Mr Moore should, acting reasonably and providing reasonable advice, have raised the wisdom of that instruction

‘…in my view it was incumbent upon Mr Moore to raise at the meeting on 28 September 2006 the fact that the change of instructions, as he understood it, was removing a significant level of cover which he had recommended in respect of the person whose ongoing well-being was of most importance to the welfare of Affinity and to the security of Mr Ravesi and to some extent Ms Torres. In my view, Mr Moore should, acting reasonably and providing reasonable advice, at that point, have raised the wisdom of that instruction and pointed out those matters.’

However, Judge Mansfield agreed with NAB and Mr Moore that Mr Ravesi was in part responsible for the error, because he failed to look carefully at the documentation sent by MLC in relation to the insurance cover.

‘It is the purpose of those letters, clearly, that the insured should look at them so as to be aware of the level of insurance cover which has been issued. Mr Ravesi, for whatever reason, clearly did not do so. I consider that that is a significant departure from the level of care which should be expected of an insured person looking after that person’s own interests.’

Judgement was for the plaintiff in the amount of $110,460, being a proportion of the $140,000 TPD benefit that Mr Ravesi would have received if his personal protection/asset protection cover had been put in place.
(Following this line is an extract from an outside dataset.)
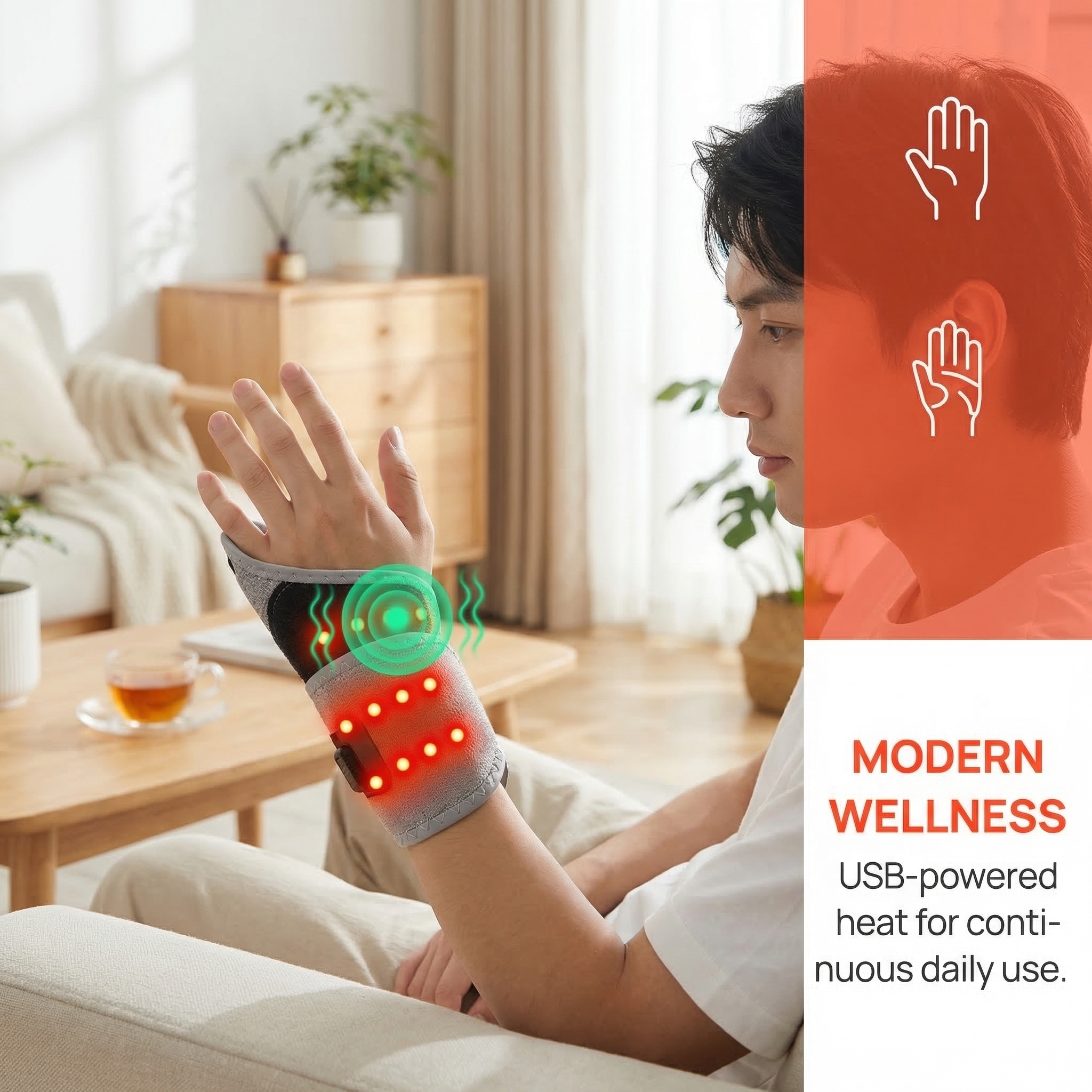 Heated Wrist Wrap Electric Hea - Heated Pad Electric review and price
The damages awarded were reduced by 40% due to Mr Ravesi’s own negligence, having failed to read the policy documentation provided by MLC.

Key takeouts

Question client actions

The Judge in this case found that it was reasonable to expect that an adviser acting in the same situation as Mr Ravesi would have questioned why Mr Moore decided to reduce his cover. Simply accepting that it was ‘the client’s decision’ was not, in the Judge’s mind, an appropriate course of action for an adviser to take.

As noted in this case, financial advice clients look to their financial adviser as an ‘expert’ in their field. Therefore, advisers should be cautious when dealing with clients who request a departure from the original advice recommendation, and be sure to document the reasons behind the client’s decision.

Keep detailed documentation

Much of the evidence relied upon in this case was the documentation prepared by Mr Moore during the advice process. In nearly all cases, this documentation was incomplete, or unclear. In passing judgement in this case, Judge Mansfield said there was no evidence to suggest the client had instructed the adviser to remove an element of the cover originally recommended. Had the adviser clearly documented this instruction, the client is unlikely to have been successful in their claim.

Importance of reviews

It is also worth noting that no annual review appointments appear to have occurred between Mr Moore and Mr Ravesi and Ms Torres. The pro forma document completed at the start of the advice process included a section indicating the client’s acknowledgment that the adviser had explained the need to review the insurance plan, and for that review to occur either annually, at another regular period, or as notified to the adviser. None of those alternatives were marked as selected on the document. Had a review meeting occurred in the intervening three year period, the gap in his cover is likely to have been identified prior to Mr Ravesi’s accident.